Separation of variables is a fundamental method used to solve first-order differential equations. It's especially useful when we can arrange the equation such that each variable and its differential are on opposite sides. This way, each side of the equation contains only one variable, which simplifies the problem significantly.
For instance, consider the differential equation in our original exercise:
\text{Step 1: Begin by rearranging the given differential equation:} \( y' + 2xy^2 = 0 \).
Rearrange to isolate the derivative: \( y' = -2xy^2 \).
\text{Step 2: Separate the variables to enable integration:} \( \frac{dy}{y^2} = -2x dx \).
This step makes it clear how separation of variables works. It allows us to prepare each part for integration, making the equation easier to handle.
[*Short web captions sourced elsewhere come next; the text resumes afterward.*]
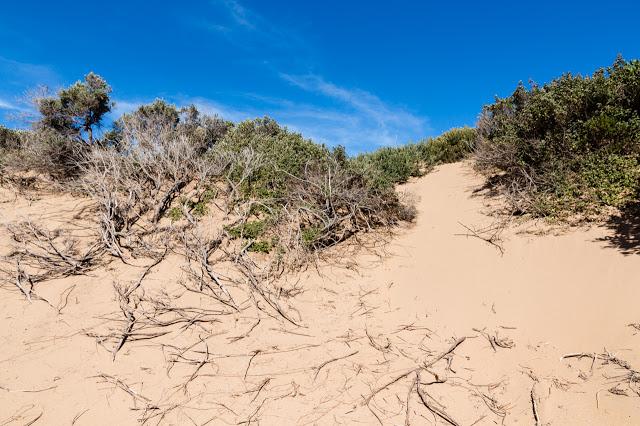 steep sand dune surrounded by scrub
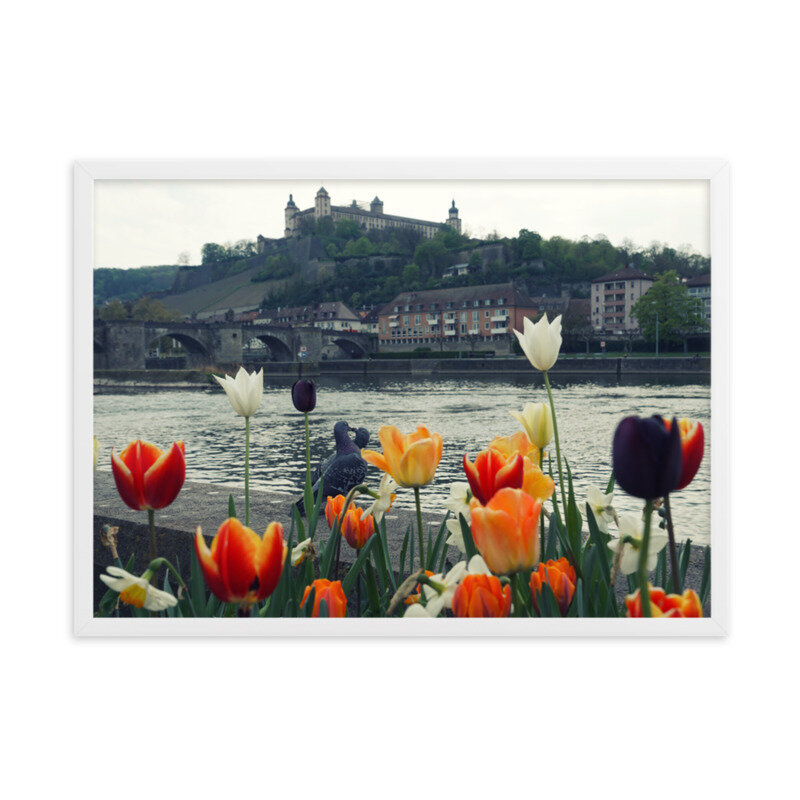 enhanced-matte-paper-framed-poster-(cm)-white-50x70-cm-5feb24a5ec0b0_Tauben.jpg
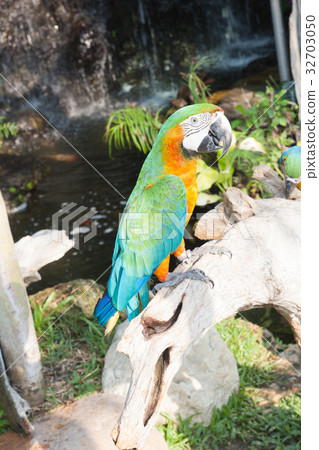 colourful parrot bird sitting colourful parrot bird sitting 32703050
Boundary conditions are specific values that a solution to a differential equation must satisfy. These conditions often help in finding a particular solution to a differential equation. In the given exercise, we've found the general solution first, which involved an arbitrary constant, and then applied the boundary conditions to find a specific value for that constant.
In our exercise, we had:

• General solution: \( y = \frac{1}{x^2 - C} \)
• Boundary condition: \( y = 1 \) when \( x = 2 \)

By substituting the boundary condition into the general solution, we get:
\( 1 = \frac{1}{4 - C} \).
Solving this, we find \( C = 3 \), giving us the particular solution: \( y = \frac{1}{x^2 - 3} \).
Boundary conditions are critical in differential equations because they allow us to hone in on a more precise solution that fits our problem's specific needs.
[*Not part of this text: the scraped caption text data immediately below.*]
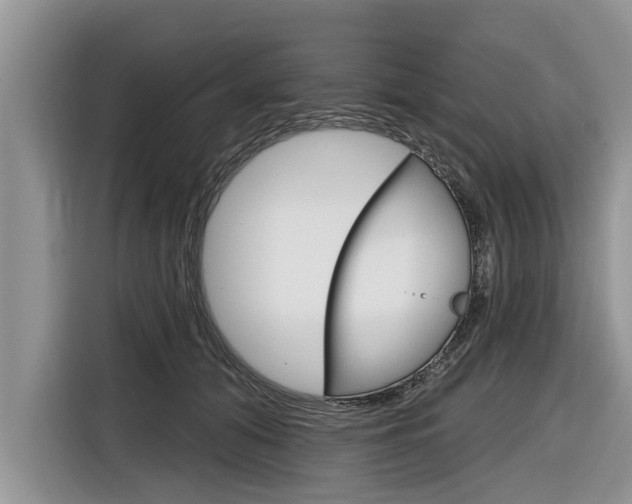 X0000116830608200912181056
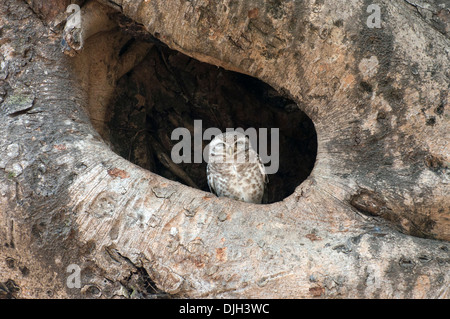 Spotted owlet sbirciando al di fuori del foro albero Parco Nazionale di Kanha Madhya Pradesh india Foto Stock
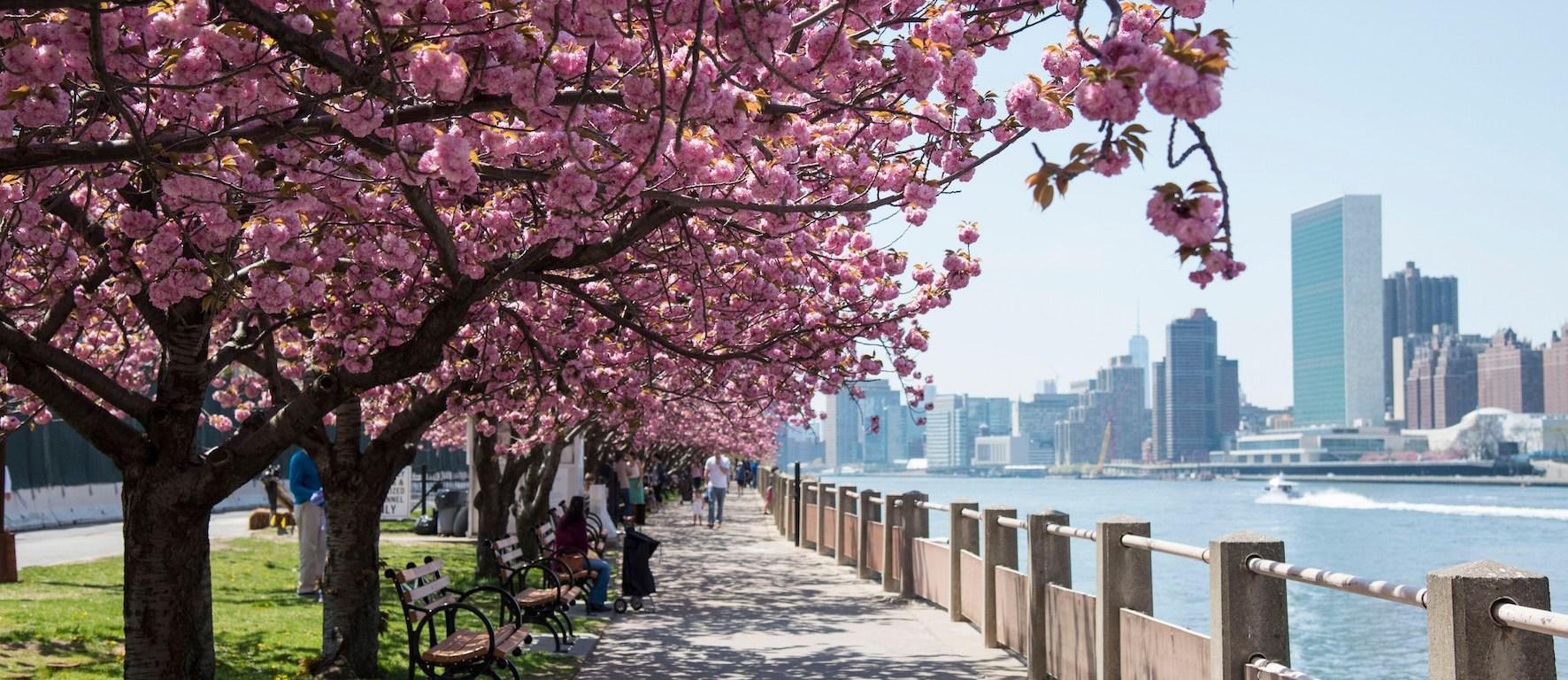 Nyc Spring Wallpapers Top Free Nyc Spring Backgrounds Wallpaperaccess 3864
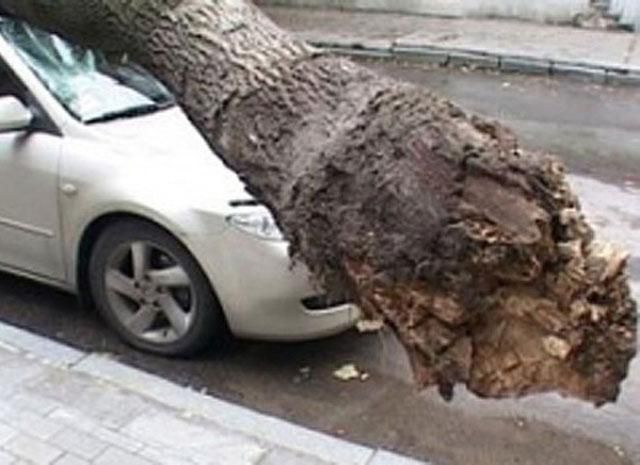 В Києві дерево впало на "Мерседес" (Фото)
Integration is at the heart of solving differential equations, especially when using the separation of variables method. Once the equation is separated, each side is integrated with respect to its corresponding variable.
Let's revisit our exercise. After separating variables, we had:
\( \frac{dy}{y^2} = -2x dx \).
The next step is to integrate both sides:

• Left side: \( \int y^{-2} \, dy = -y^{-1} \)
• Right side: \( \int -2x \, dx = -x^2 \)

Combining these, we get: \( -\frac{1}{y} = -x^2 + C \).
Integration often introduces an integration constant, represented here by \( C \), which plays a crucial role in finding both the general and particular solutions.
Solving the integrals carefully while keeping the integration constants in mind is essential for the accuracy of the final solution.